Lionel Messi will auch dem Endspiel seinen Stempel aufdrücken. Der Superstar steht aktuell bei acht Toren und vier Assists und ist damit Top-Torjäger und bester Scorer des Turniers.
Auf spanischer Seite brillieren vor allem das Mittelfeld und die Defensive um Kapitän Rodri, der das Spiel von Trainer Luis de la Fuente durch Takt und Tempo prägt.
Fünf Dinge, auf die es im WM-Finale zwischen Spanien und Argentinien ankommt.

Argentiniens Schlüsselspieler: Messi

Natürlich. Wenn Argentinien, dann mit Lionel Messi. An zwölf der insgesamt 19 WM-Tore der Albiceleste war der achtmalige Weltfußballer direkt beteiligt. Acht schoss er selbst, vier bereitete er vor.

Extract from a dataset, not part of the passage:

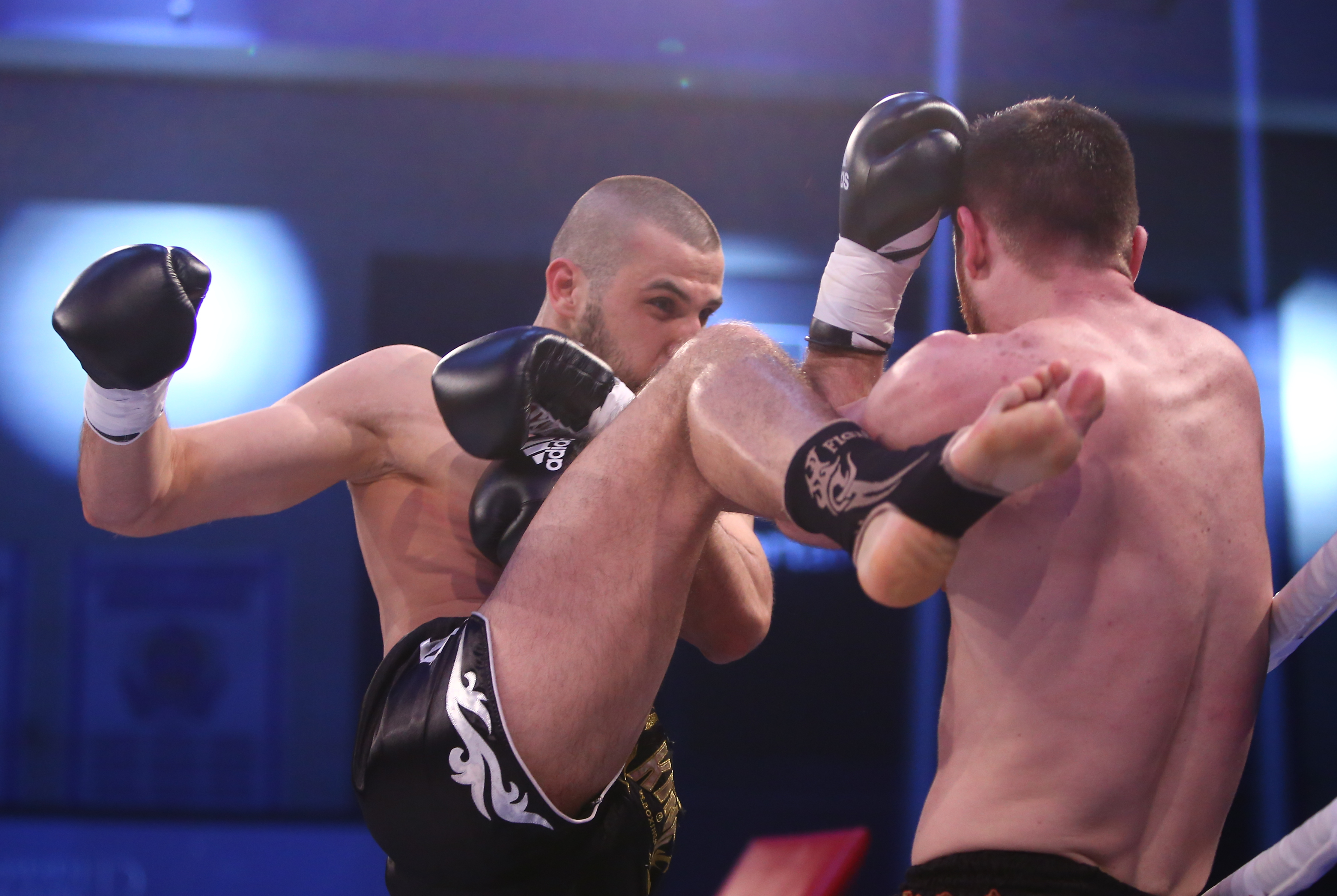 Meciul în urma căruia Amansio Paraschiv a devenit campion mondial Superkombat New Heroes! VIDEO& FOTO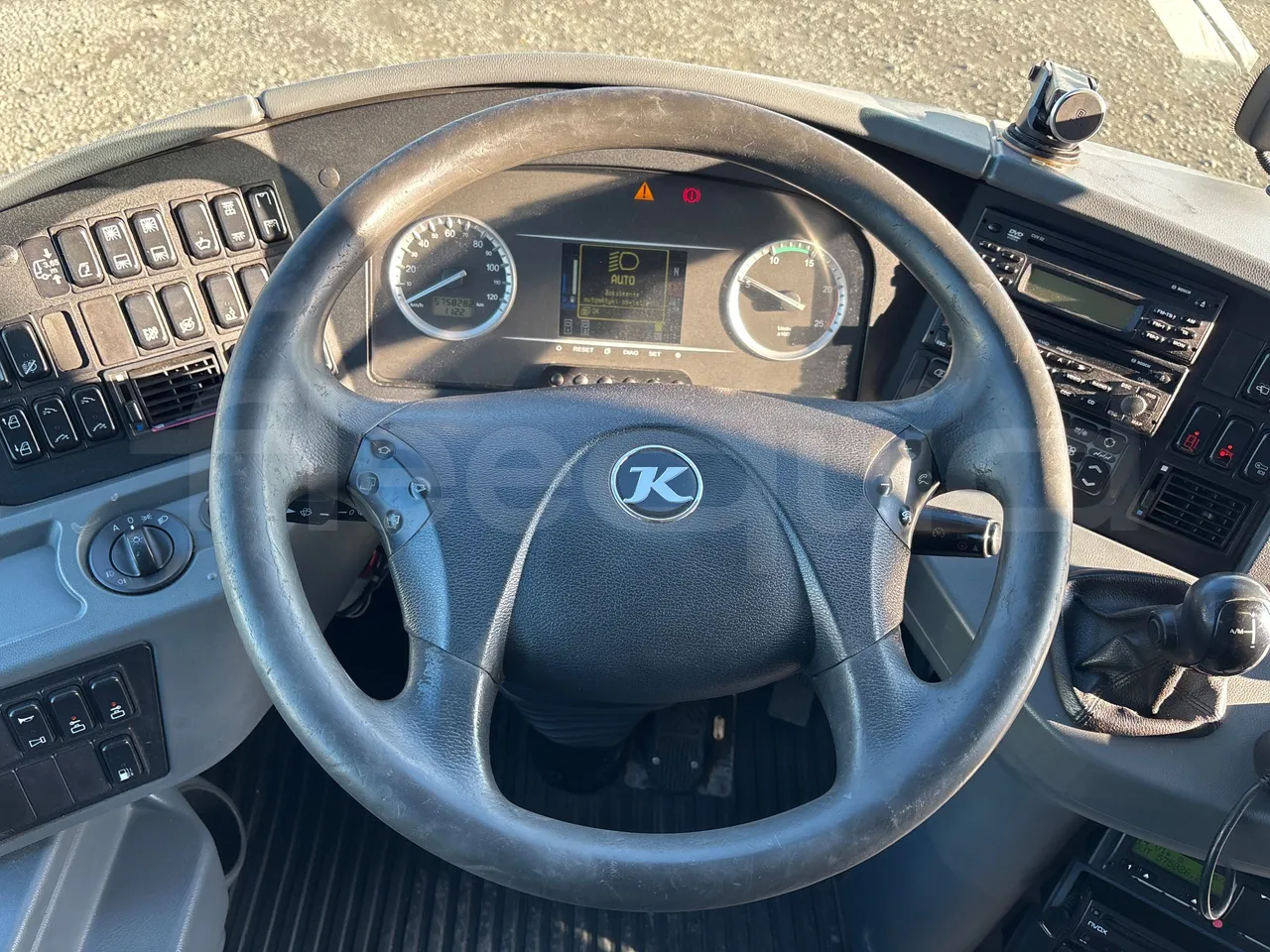 Setra S417 GT_HD - Euro 5 - 335 Kw -14.050 mt - steering wheel photo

Und Messi ist am Sonntag gleich doppelt motiviert: Bei seiner sechsten Weltmeisterschaft könnte sich der aktuelle WM-Rekordtorjäger (21) den Goldenen Schuh des besten Torschützen bei einer Endrunde sichern. Momentan liegt er gleichauf mit dem Franzosen Kylian Mbappé (beide 8 Tore).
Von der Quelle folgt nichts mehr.